Деревья на Севере умирают лёжа. Ветер и мерзлота делают своё дело. На материке деревья умирают стоя. Корни держат дерево. А люди на зоне умирали и лежа, и стоя. Стоял, стоял, упал – и всё… Если хоронят, то выроют ямку в десять сантиметров, бросят труп и набросают камней. И лежит безымянный в вечной мерзлоте. В лагере чувства притупляются, смерть становится обыденной. Человеческая жизнь – ничто. «На Севере я видел человеческих смертей слишком много для одного человека», – как-то сказал Каляев.
На лесоповал и в забой ходили пешком. Километра два. Сопровождал заключенных вооруженный конвой с собаками. Держали по 16 часов, привозили промёрзшие пайки, иногда консервы – по одной банке на двоих. Работать было трудно только первые пять-шесть часов, а потом терялось ощущение времени и топором махали, чтобы совсем не замерзнуть. Следователи и бригадиры допрашивали по любому случаю. Нанимали за махорку, миску супа ложных свидетелей и клеветников. Вербовали голодных. Говорили, что это государственная необходимость – лгать. Угрожали, подкупали. Маховик, запущенный властью, работал безотказно. Людей превращали в лагерную пыль, говорящих автоматов, исполняющих любую просьбу. Личность деградировала до конца. На подлость и клевету не шли только единицы.
В лагере сидели политические и «блатари»-уголовники. Сильного противостояния не было, но крепкие стычки бывали. Блатные на время притихнут, ждут момента, чтобы взять реванш, и подло, исподтишка, из-за угла могут пришить. «Мы с Костей не контактировали с «блатарями», и они нас не трогали. Мы учили их завязывать веревку калмыцким узлом. Они дивились, – вспоминал Каляев. – Потом нас оберегал бригадир нашей «десятки». На свободе он был директором МТС где-то на Кубани. Партийцем. По наколке «стукача» загремел в 1944-м. Он мне и сказал по секрету, что всех калмыков выслали в Сибирь». «Так что ты – враг народа и я – враг народа, и нам надо держаться вместе», – сказал бригадир Каляеву.

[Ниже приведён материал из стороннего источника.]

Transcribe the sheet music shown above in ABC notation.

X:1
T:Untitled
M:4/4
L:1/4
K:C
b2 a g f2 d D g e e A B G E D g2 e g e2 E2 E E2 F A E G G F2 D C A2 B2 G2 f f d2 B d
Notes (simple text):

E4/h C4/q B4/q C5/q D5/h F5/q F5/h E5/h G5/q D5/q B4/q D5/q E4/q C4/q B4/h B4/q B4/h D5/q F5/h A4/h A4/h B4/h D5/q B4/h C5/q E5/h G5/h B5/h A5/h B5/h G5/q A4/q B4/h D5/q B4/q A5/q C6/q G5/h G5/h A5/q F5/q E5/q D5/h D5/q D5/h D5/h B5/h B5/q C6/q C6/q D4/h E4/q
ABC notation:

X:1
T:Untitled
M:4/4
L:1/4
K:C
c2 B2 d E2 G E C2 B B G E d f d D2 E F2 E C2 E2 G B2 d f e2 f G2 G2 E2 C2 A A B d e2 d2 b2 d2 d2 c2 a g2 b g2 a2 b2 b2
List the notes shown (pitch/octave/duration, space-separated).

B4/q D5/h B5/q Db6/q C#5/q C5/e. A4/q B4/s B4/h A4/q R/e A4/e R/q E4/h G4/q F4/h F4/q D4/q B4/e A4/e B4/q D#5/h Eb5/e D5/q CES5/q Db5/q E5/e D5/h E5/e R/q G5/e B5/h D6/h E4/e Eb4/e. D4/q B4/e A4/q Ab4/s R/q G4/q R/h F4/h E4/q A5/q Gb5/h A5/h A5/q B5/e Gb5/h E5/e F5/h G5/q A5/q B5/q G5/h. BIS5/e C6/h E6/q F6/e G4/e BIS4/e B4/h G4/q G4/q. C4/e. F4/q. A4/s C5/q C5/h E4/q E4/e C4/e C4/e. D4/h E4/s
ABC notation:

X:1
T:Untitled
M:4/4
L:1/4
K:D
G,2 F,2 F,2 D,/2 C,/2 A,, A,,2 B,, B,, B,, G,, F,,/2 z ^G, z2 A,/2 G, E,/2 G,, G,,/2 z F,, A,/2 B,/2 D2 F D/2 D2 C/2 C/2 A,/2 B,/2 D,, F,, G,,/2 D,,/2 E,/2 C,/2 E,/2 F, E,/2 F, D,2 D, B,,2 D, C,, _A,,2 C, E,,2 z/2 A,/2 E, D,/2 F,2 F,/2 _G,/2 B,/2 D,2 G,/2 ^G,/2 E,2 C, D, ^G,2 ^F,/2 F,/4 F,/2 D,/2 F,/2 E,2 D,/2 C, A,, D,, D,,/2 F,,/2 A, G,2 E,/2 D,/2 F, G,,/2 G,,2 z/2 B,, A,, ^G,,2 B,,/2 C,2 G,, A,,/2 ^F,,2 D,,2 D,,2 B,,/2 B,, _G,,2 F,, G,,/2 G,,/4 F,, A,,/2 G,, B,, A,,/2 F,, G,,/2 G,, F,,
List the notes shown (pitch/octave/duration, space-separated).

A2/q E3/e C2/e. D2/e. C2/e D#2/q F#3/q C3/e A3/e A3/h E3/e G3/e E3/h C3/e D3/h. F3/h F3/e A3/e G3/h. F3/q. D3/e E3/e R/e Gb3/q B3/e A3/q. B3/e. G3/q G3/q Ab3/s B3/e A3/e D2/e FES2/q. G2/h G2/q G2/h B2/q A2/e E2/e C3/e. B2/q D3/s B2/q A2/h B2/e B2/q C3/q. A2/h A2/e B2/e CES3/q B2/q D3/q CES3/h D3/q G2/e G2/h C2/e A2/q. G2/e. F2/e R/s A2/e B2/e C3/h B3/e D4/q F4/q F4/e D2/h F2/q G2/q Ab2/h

«Ты понимаешь, что со мной было?! Во-первых, когда узнали, что всех калмыков выслали. У нас с Костей была хоть какая-то надежда, а после сказанного и эта надежда затухла. И второе. Всё думал, почему бригадир сказал, что мы враги народа и нам надо держаться вместе. Какой-то подвох что ли? Мы же всего боялись. Жить-то хотелось, хотя мне уже было 39 лет. Мы с Костей стали сторониться бригадира, не попадались ему на глаза. А тут я совсем пал духом и заболел. Ныли ноги, спина, зубы стали выпадать. Ни лекарств, ни жратвы. Варили в котелке иголки елей и сосны, пили это вонючее варево. Витамин С таким способом в организм совали. Однажды вечером в бараке бригадир мне шепнул: «Завтра иди на кухню. Станешь на хлеборезку». Думал, провокация, но утром пошёл. Косте пока не сказал, боялся даже земляку сказать. Такие вот дела были. А вы, молодые, сейчас всем недовольны. Вы многого не понимаете», – и аксакал замолчал.

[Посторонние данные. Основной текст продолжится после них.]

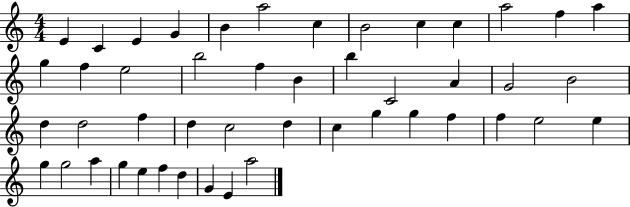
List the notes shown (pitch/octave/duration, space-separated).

E4/q C4/q E4/q G4/q B4/q A5/h C5/q B4/h C5/q C5/q A5/h F5/q A5/q G5/q F5/q E5/h B5/h F5/q B4/q B5/q C4/h A4/q G4/h B4/h D5/q D5/h F5/q D5/q C5/h D5/q C5/q G5/q G5/q F5/q F5/q E5/h E5/q G5/q G5/h A5/q G5/q E5/q F5/q D5/q G4/q E4/q A5/h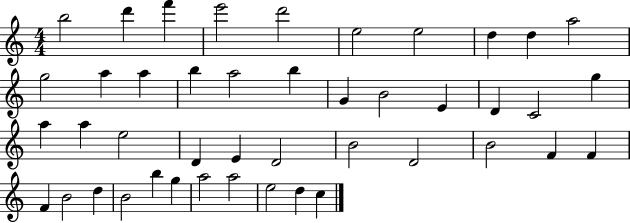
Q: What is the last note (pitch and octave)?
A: C5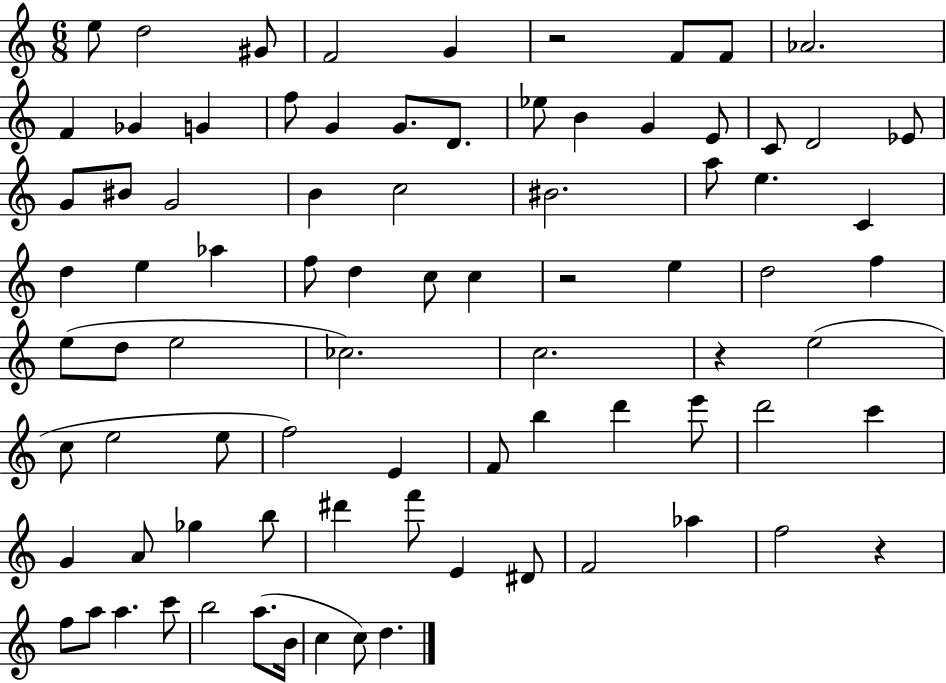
E5/e D5/h G#4/e F4/h G4/q R/h F4/e F4/e Ab4/h. F4/q Gb4/q G4/q F5/e G4/q G4/e. D4/e. Eb5/e B4/q G4/q E4/e C4/e D4/h Eb4/e G4/e BIS4/e G4/h B4/q C5/h BIS4/h. A5/e E5/q. C4/q D5/q E5/q Ab5/q F5/e D5/q C5/e C5/q R/h E5/q D5/h F5/q E5/e D5/e E5/h CES5/h. C5/h. R/q E5/h C5/e E5/h E5/e F5/h E4/q F4/e B5/q D6/q E6/e D6/h C6/q G4/q A4/e Gb5/q B5/e D#6/q F6/e E4/q D#4/e F4/h Ab5/q F5/h R/q F5/e A5/e A5/q. C6/e B5/h A5/e. B4/s C5/q C5/e D5/q.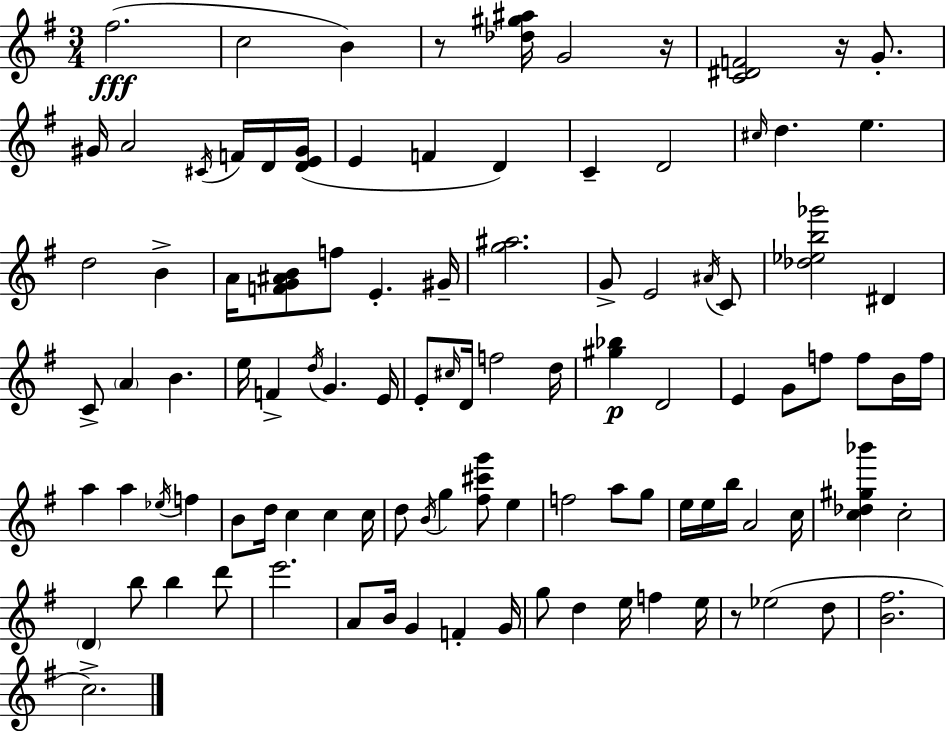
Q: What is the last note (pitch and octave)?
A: C5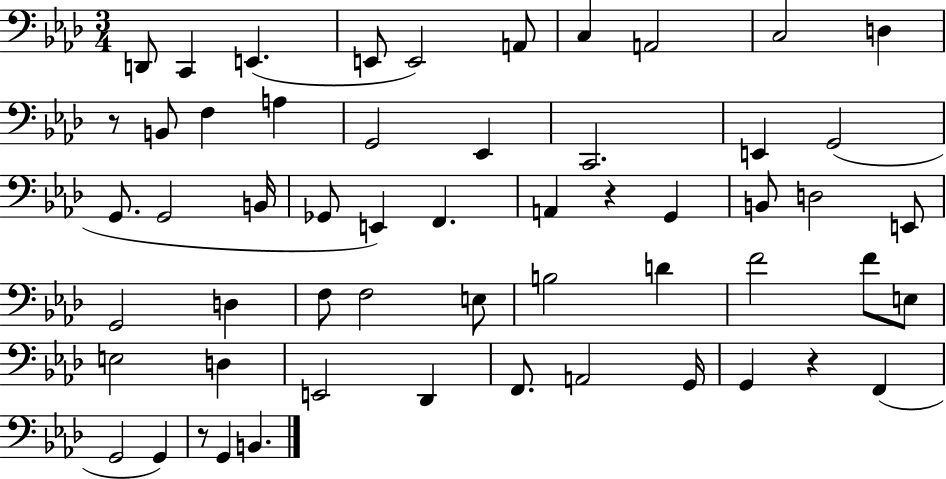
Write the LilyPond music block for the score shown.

{
  \clef bass
  \numericTimeSignature
  \time 3/4
  \key aes \major
  \repeat volta 2 { d,8 c,4 e,4.( | e,8 e,2) a,8 | c4 a,2 | c2 d4 | \break r8 b,8 f4 a4 | g,2 ees,4 | c,2. | e,4 g,2( | \break g,8. g,2 b,16 | ges,8 e,4) f,4. | a,4 r4 g,4 | b,8 d2 e,8 | \break g,2 d4 | f8 f2 e8 | b2 d'4 | f'2 f'8 e8 | \break e2 d4 | e,2 des,4 | f,8. a,2 g,16 | g,4 r4 f,4( | \break g,2 g,4) | r8 g,4 b,4. | } \bar "|."
}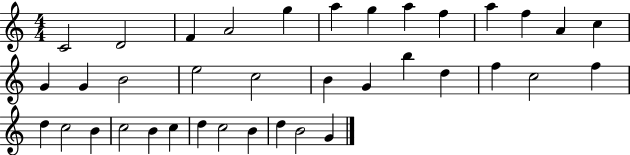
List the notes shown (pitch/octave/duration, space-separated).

А «враг народа», директор МТС с Кубани, имел контакты с начальником лагеря, а тот, в свою очередь, был приятелем какого-то начальника в Магадане. В общем, этот «враг народа» с Кубани помог актировать хромого писателя Каляева. Хромоту Санджи Каляев на Колыме «усилил», и это где-то спасло его. Повезло писателю – повезло калмыцкому народу. С Сян-Белгиным я был знаком мимолетно, да и он был не словоохотлив и замкнут.
В 1968 году судьба свела меня снова с Каляевым, но уже на долгие годы. Не помню, как это было, но поэт в разговоре мимоходом сказал, что пишет пьесу. Зная его возраст и зная, что он не писал пьес, я не заострил внимания на его высказывание. Но Каляев не такой человек, как я понял позже, уж если он чего захочет, добьется своего. Встреча состоялась у него дома, после того как я прочел пьесу. Он мельком прошелся по своей молодости и дал добро на постановку. Он сказал так, как будто дал шедевр. Каляев был прав. Он знал себе цену. Это я понял только через много лет после постановки. А.Э. Тачиев, директор театра, узнав о контакте с Каляевым, одобрил меня и, подбодрив, предупредил: «Побольше слушай его и молчи. Он много знает. Не перечь ему. Человек с характером». Не всегда шло гладко. Особенно в период, когда мы встречались на Пионерской (ныне ул. Городовикова). Там был рабочий кабинет Каляева. Приходил я к нему в 7 утра, до жары. В 8 или 9 часов заканчивали обоюдные споры по любому поводу. Но начинали разговор не о пьесе. Вначале он минут пять молчал, сидя на диване, о чем-то думал. Я тоже сидел и делал вид мыслящего человека. Потом Каляев произносил тяжело, устало одну фразу, как будто мы работали уже часа три: «Ну, какие новости?» Не успевал я раскрыть рот, чтобы выдать глобальные мысли, как Каляев уже костил молодежь. Костил за инфантильность, за незнание языка, за незнание прошлого и т.д. Помня наказ директора театра Тачиева, я молча слушал. Теперь понимаю его боль за уходящее прошлое, за потери каких-то национальных качеств. Он очень переживал, что молодежь пьёт, бесцельно проводит время, не чтит старших, родителей, теряет самобытность. Народ наш в целом мирный, трудолюбивый растрачивает силы на мелочи жизни. Он выговаривался, и на этом мы заканчивали работу над пьесой.